GLASGOW City Council has approved a strategy to develop the 90 lanes in the city centre. A number of lanes throughout the central area are now targeted for initial projects.
Many lanes in the city centre, such as Mitchell Lane, are already successful, attractive destinations featuring shops, restaurants and bars, but a significant number are not, with problems including anti-social behaviour and unauthorised parking.
The City Centre Lane Strategy aims to encourage land owners to make full use of the lanes network, which is a valuable part of Glasgow’s heritage and character, and make it more attractive to visitors through improved landscaping and a higher-quality environment.
West Regent Lane
Consultation took place with residents, businesses and other organisations, and the city council has looked at how cities such as Montreal, San Francisco and Seattle have developed their lanes.
Key findings included:
— Eighty nine per cent felt that arts and culture should form part of the strategy
— Eighty four per cent felt public health and community safety should be addressed
— Seventy five per cent raised the issues of waste and recycling — there was a general feeling that cleanliness and safety issues should be resolved first.
Seven demonstrator projects with distinct themes, largely led by lane owners, businesses and communities, are now planned for areas around the city centre.

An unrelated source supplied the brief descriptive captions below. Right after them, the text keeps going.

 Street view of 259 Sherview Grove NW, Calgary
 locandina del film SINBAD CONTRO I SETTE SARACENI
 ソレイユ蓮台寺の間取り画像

— The west end of Sauchiehall Lane, where the the theme will be evening economy entertainment.
— The Willow tearoom section of Sauchiehall Lane, which will focus on heritage and management of lanes.
— Bath Lane between Wellington Street and Renfield Street, with the themes of culture, entertainment and development of new lanes.

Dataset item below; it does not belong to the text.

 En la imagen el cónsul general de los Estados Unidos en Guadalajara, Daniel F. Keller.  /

— Renfield Lane, Drury Street, Gordon Lane, Mitchell Lane, where themes will include events, evening economy, entertainment and heritage.
— Springfield Court, McCormack Lane, Princes Court, Royal Exhange Squareand North Court Lane where the focus will be on retail and entertainment, culture and development of new lanes.
— Buccleuch Lane and Dalhousie Lane in Garnethill, a residential area, where the emphasis will be on green space.
— Tontine Lane and Elmbank Gardens which will have the themes of arts, culture, making and employment.
The council says it will work with partners in the cultural, creative, advertising and property sectors to progress the strategy.
Councillor Kenny McLean, city convener for neighbourhoods, housing and public Rrealm at Glasgow City Council, said: “The approval of the City Centre Lane Strategy allows us to begin work with our partners that will make the most of what is an unrealised asset for the city.
“The regeneration of the area’s lanes will bring new life to the city, and deliver cultural, economic and social benefits for Glasgow.”